==== Task input

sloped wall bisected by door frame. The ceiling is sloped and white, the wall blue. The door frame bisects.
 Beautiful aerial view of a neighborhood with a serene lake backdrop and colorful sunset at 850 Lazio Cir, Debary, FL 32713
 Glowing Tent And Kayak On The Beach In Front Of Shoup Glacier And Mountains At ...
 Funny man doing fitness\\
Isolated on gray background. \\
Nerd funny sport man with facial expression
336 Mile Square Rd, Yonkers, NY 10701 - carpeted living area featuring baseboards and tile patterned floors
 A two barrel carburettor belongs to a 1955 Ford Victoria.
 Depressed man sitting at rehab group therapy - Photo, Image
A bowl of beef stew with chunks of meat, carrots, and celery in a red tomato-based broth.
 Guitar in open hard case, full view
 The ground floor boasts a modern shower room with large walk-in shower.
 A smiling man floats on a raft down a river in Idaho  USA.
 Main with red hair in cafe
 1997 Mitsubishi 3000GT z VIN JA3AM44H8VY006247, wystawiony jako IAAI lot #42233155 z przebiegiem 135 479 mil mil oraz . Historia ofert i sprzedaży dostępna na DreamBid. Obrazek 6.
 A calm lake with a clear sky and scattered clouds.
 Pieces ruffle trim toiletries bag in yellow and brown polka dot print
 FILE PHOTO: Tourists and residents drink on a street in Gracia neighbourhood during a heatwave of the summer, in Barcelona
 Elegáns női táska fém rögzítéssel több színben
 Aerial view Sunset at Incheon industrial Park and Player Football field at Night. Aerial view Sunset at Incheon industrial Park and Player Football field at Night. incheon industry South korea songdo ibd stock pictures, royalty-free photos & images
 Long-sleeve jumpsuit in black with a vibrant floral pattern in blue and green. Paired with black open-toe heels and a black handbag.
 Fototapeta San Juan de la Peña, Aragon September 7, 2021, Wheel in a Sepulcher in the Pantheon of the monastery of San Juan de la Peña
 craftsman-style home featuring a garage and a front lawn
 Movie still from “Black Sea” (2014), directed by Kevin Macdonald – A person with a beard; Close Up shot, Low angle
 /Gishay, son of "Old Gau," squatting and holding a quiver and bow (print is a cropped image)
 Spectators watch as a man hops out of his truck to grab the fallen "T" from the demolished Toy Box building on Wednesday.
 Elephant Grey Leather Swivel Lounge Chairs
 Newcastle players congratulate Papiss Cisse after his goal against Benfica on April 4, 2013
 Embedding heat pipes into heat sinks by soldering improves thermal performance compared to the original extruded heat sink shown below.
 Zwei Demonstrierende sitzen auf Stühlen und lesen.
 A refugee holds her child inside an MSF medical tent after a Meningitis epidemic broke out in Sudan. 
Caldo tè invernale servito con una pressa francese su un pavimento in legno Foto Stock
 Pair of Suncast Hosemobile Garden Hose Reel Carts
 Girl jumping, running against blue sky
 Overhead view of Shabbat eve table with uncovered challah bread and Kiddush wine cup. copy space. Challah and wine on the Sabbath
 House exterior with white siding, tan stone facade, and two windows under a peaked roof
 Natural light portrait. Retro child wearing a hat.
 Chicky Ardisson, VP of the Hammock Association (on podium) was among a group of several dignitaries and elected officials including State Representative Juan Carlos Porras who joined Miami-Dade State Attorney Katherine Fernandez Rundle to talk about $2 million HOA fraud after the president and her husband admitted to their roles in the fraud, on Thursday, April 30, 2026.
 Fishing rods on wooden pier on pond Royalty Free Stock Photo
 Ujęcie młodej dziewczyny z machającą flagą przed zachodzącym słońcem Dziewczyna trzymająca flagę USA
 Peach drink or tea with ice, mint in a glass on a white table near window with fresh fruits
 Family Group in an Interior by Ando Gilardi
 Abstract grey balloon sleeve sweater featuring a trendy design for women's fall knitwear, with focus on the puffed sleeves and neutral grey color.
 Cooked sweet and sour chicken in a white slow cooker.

========

Task to carry out>
Check each line in the data for the word "lake", then report only how many lines contain it.

Output for this task>
2